The Case Against Marriage

To me now, alone time is more precious than gold and I never get enough, or even close to enough. But when I had nothing but alone time, it could lead to loneliness and depression. If there’s a perfect balance I haven’t found it. Maybe when the tyke is older? (Hey, a guy can dream.)

I think it’s natural for folks to want whatever they don’t have.

I was in almost your exact shoes 3 years ago. I recommend joining a group on Meetup that matches your interests and going on it to meet people. Do something active. Organize an after-work dinner with folks you enjoy. Go see a movie. Spend money on something frivolous. Travel. (My gf and I just flew to Paris for a 5-day weekend. I didn’t even have to organize a kid day swap with my ex since we do alternating 5 day weekends with the kids. The Paris trip was great!)

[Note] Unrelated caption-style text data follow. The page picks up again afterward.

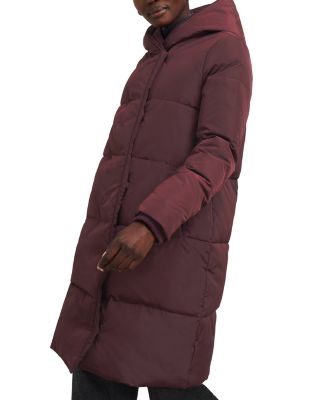 Darla Puffer Coat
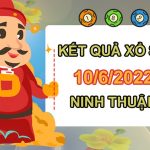 Phân tích XSNT 10/6/2022 dự đoán chốt bạch thủ lô thứ 6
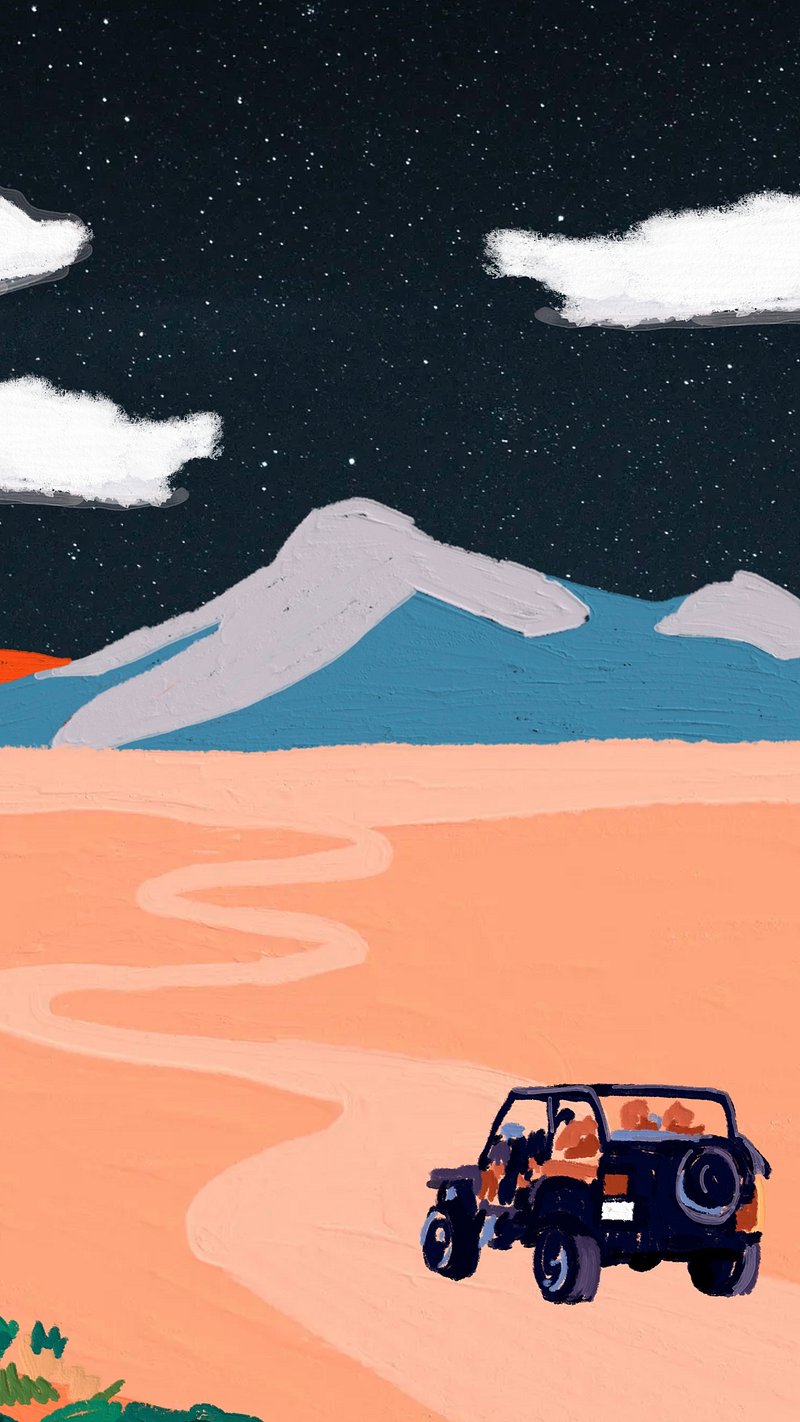 iPhone Wallpaper Car. Free Aesthetic
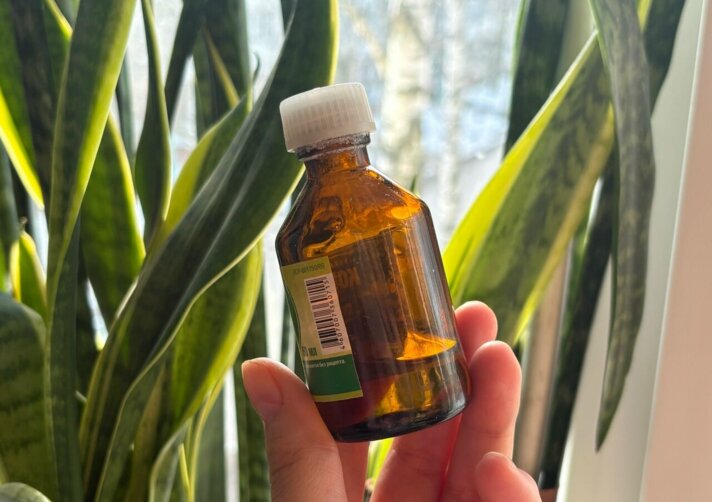 Коварный корвалол. Пермская школьница оказалась в реанимации после экспериментов с лекарством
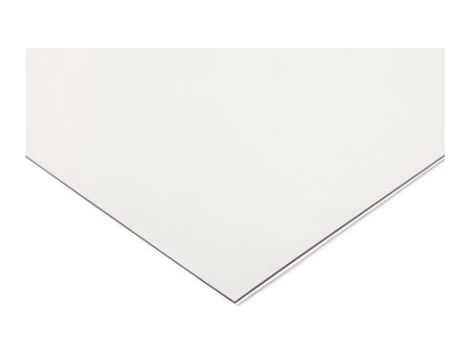 Arkusz tworzywa sztucznego, 1250mm x 1250mm x 3mm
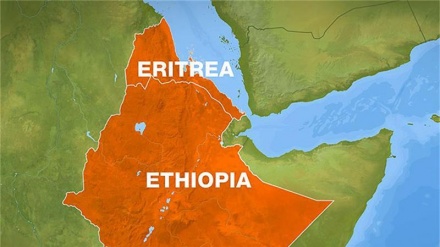 Eritrea yadai kuwa imeua askari 200 wa Ethiopia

Hey, you beat me! I had my first at 40, which is not actually all that unusual in my area, but my family back in Louisiana all thought I was nuts. Haven’t really gotten to the strangling years yet, but kids can certainly challenge you.

Not quite though, since the study only looked at married couples vs. single folks:

Cohabiting couples were underrepresented in the data and excluded from the study.

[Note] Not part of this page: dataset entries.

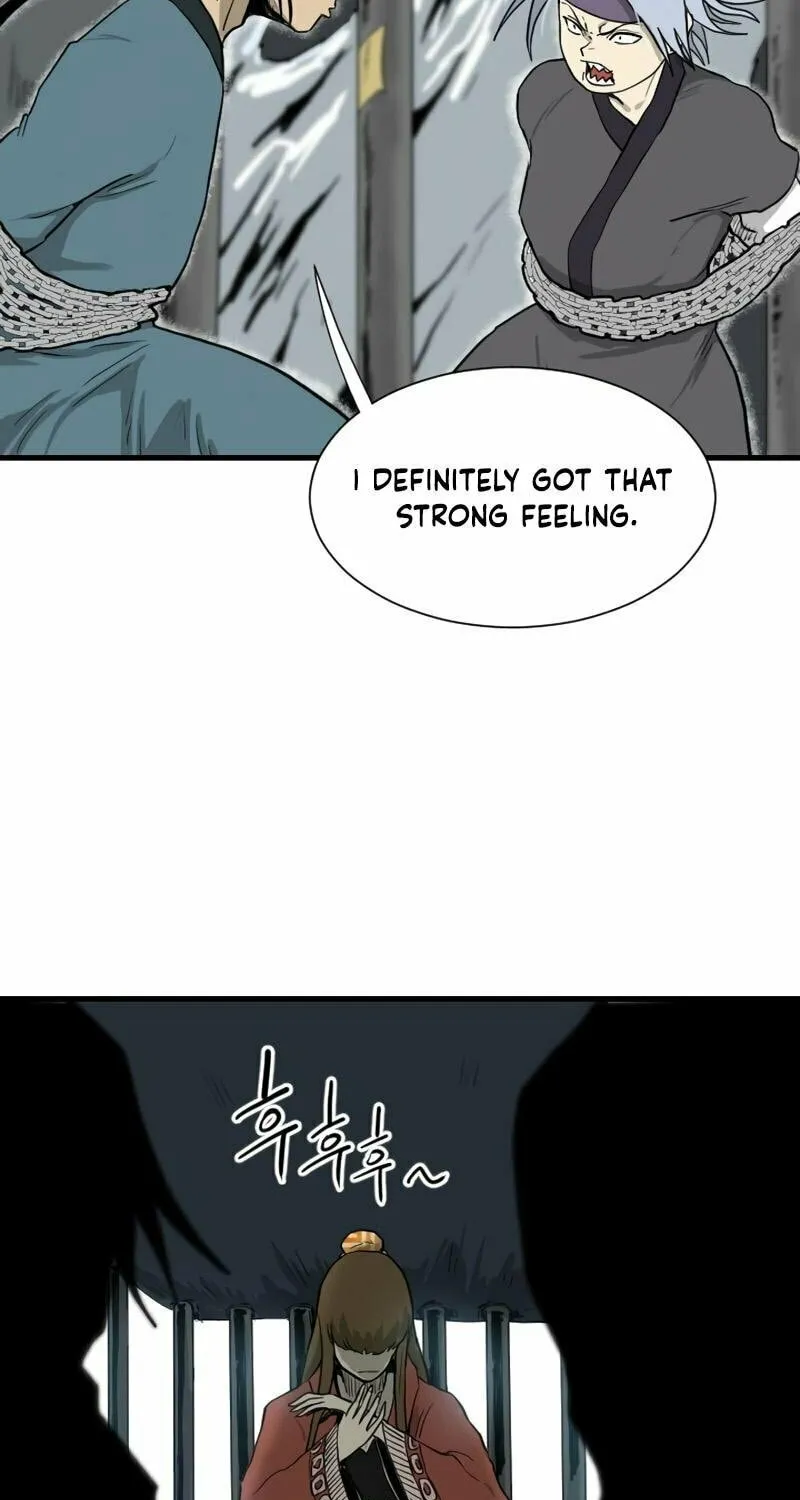 The Demonic Warrior Chapter 26 page 56 - 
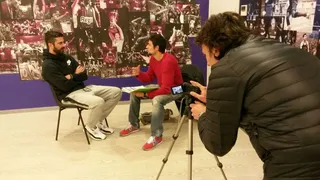 Libro historia del Baloncesto: también Navarro, Bonareu, Jofresa y Berni Rodríguez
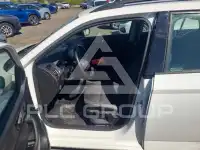 2021 Skoda Fabia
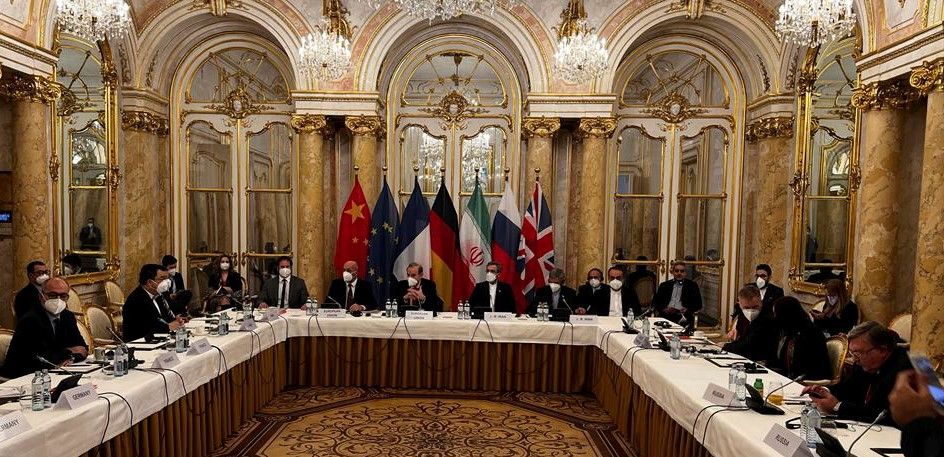 Iran Foreign Ministry Denies Nuclear Talks Failing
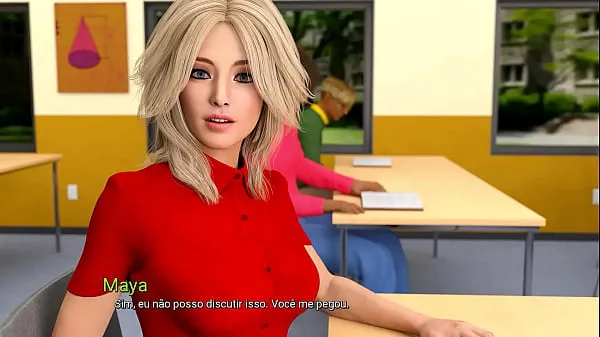 Sıcak Câmera Escondida no Banheiro da Academia, A Espanhola Incrível de Sage ( ) Being a DIK - jogo porno legendado em portugues | gameplay, porn game, visual novel, games, hentai, anime Sıcak Videolar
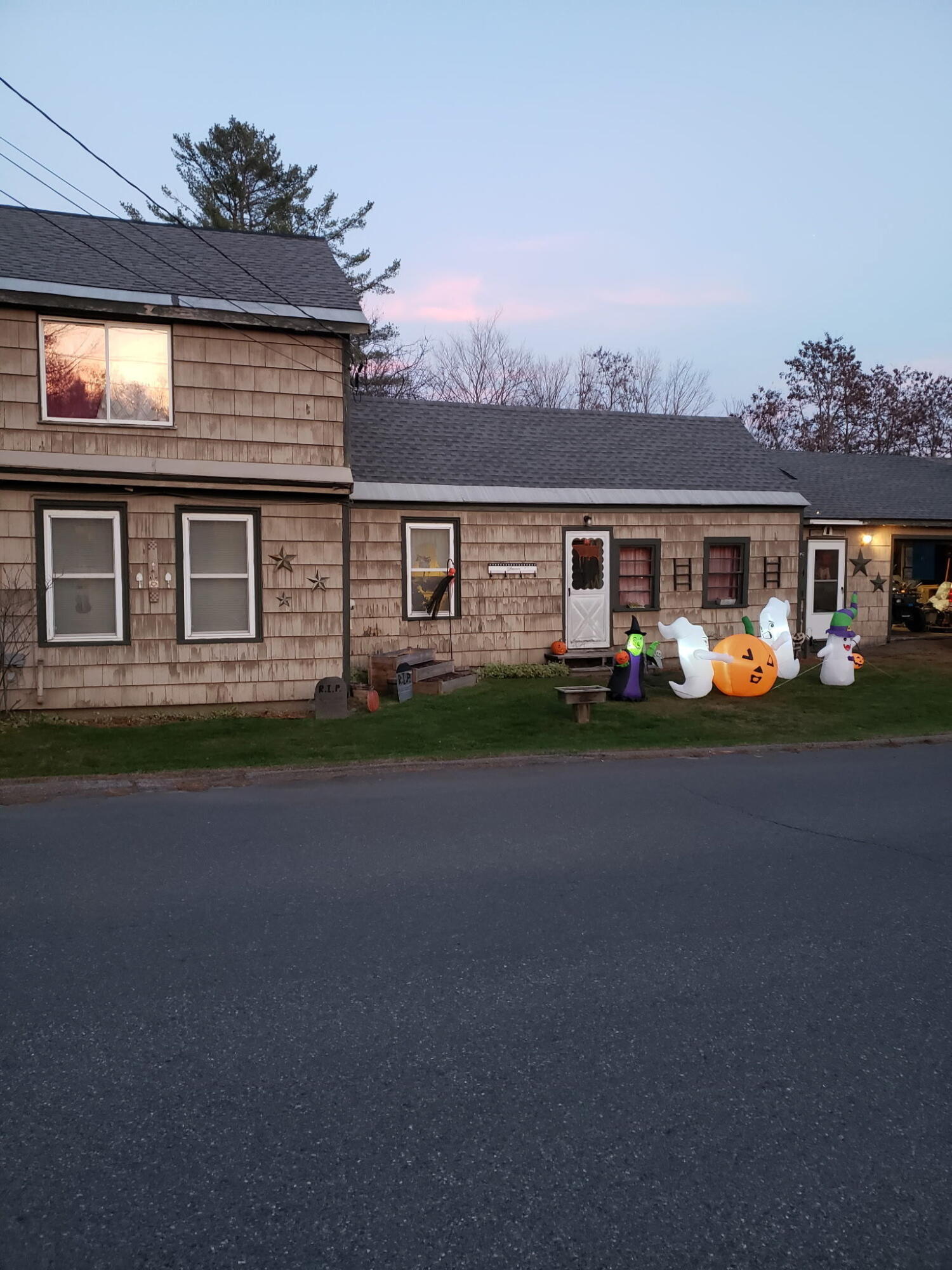 450 Old Center Road Fairfield ME 04937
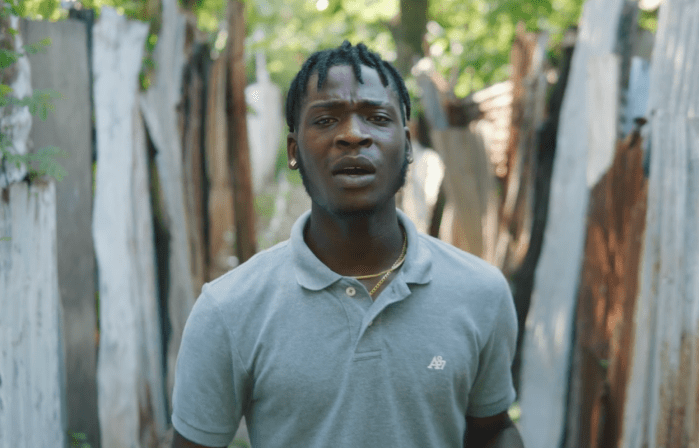 1Kcama "Criticize" on 13thStreetPromotions.com #Jamaica #Dancehall #Music #13thStreetPromotions #1Kcama #Criticize #MypreeRecordz #Mypree #Criticize #Caribbean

So they didn’t look at the happiness of not-married-but-committed folks, or (presumably) single folks with kids. That’s fine if you’re only looking at married people, but you absolutely can’t make a conclusionlike the one above.

And that’s my major issue with the article - it seems to be the author trying to use the study’s narrow conclusions to support her broad beliefs.

Here are the lines from the latter half of the article that led me to believe that about her reasoning:

I was surprised that no one seemed to be talking about the isolation of modern romantic commitment

The expectations that come with living with a serious partner, married or not, can enforce the norms that create social isolation.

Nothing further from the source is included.